早い段階での受験が出来る事は良いことであると思うが、もう一つ、運用が変わると予想されるのが実務経験審査の厳格化である。
昨年、大和ハウス工業の実務経験の大量偽装事件が発覚し、退職者を含む多くの人が免許取消しの処分を受けた。この事件が発覚したのが、一級建築士の合格発表日であったことは偶然ではないだろう。来年度より、実務経験の審査を厳格化するとの国交省からのメッセージである。
ここで問題なのは管理建築士による実務経験の証明が必要であるが、転職した場合、この証明を前職の会社、事務所の管理建築士から、貰うのは現実的には難しいと言うことだ。
よっぽどの円満退職でないと前職の会社の管理建築士(上司)に依頼するのは気が引ける。業務内容が微妙であった場合、現在の部下であれば、サインもするだろうが、他の会社の社員となった人のためにそのリスクを取ろうとは誰も思わない。
一級建築士以上に影響が大きくなるのは、構造設計一級建築士だ。

この実務経験審査の厳格化は、構造設計一級建築士にも適用される。一級建築士の実務経験は2年であり、業務の範囲も多岐に渡る。一方、構造設計一級建築士は一級建築士取得後、5年間であり、構造設計業務に限れる。今は耐震診断や研究、構造設計補助などの業務は外され、更に狭い範囲の業務となっている。
つまり、転職した場合、その会社に5年以上、勤務しないと構造設計一級建築士の実務経験の証明は取得出来ないと言う事だ。5年間は長過ぎる。

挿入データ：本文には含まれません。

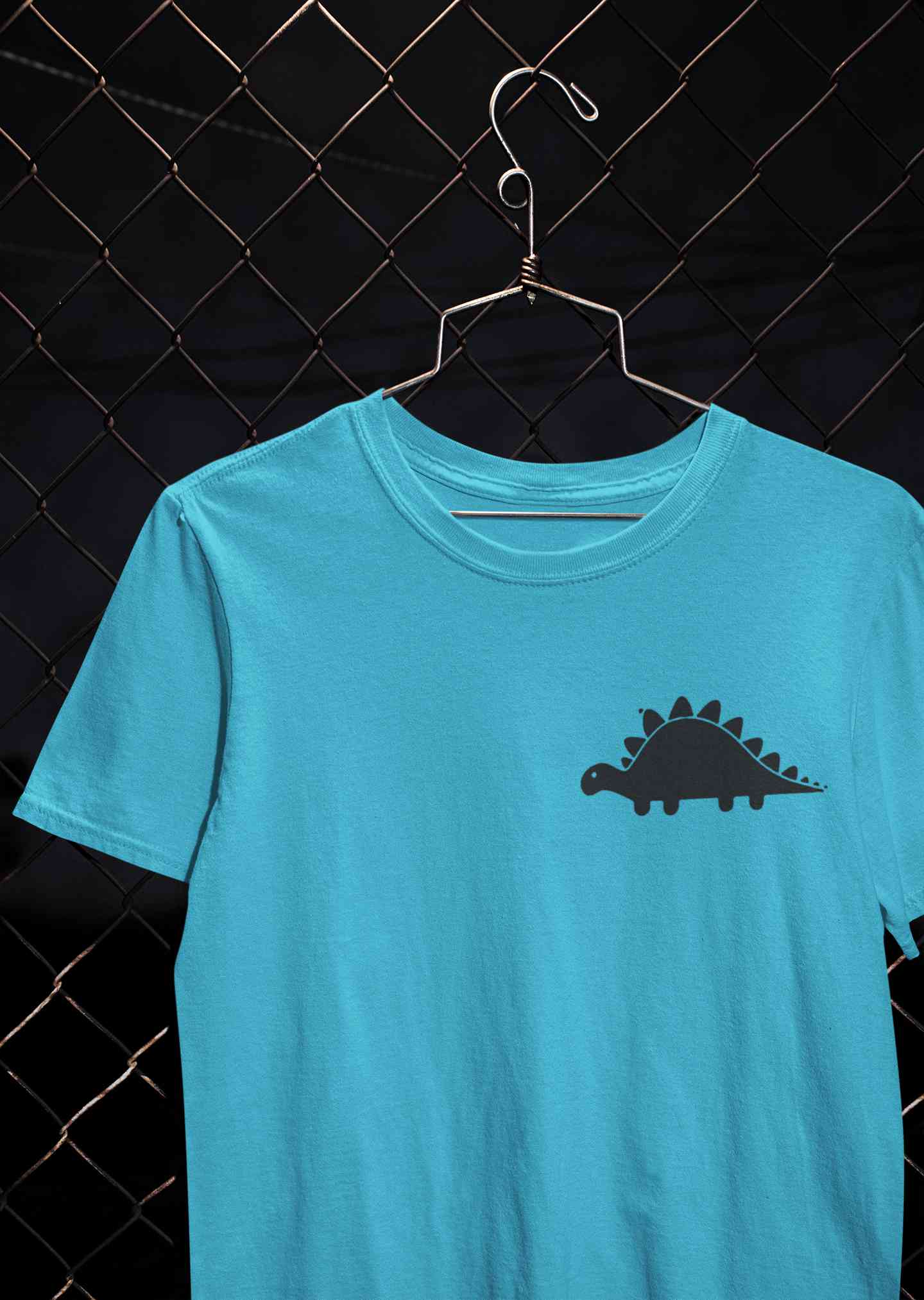 Stegosaurus Pocket Mens Half Sleeves T-shirt- FunkyTeesClub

ここで提案だが、建築士事務所に退職者の実務経験も証明することを義務付けたら、どうだろうか。電話連絡するのも気が引けるだろうから、郵送先を明示するのを義務付ける。
私の知り合いでも優秀な構造設計技術者であるにも係わらず、上司との人間関係で退職し、構造設計一級建築士取得を5年間待った人がいる。このような人を救済する策を講じるべきである。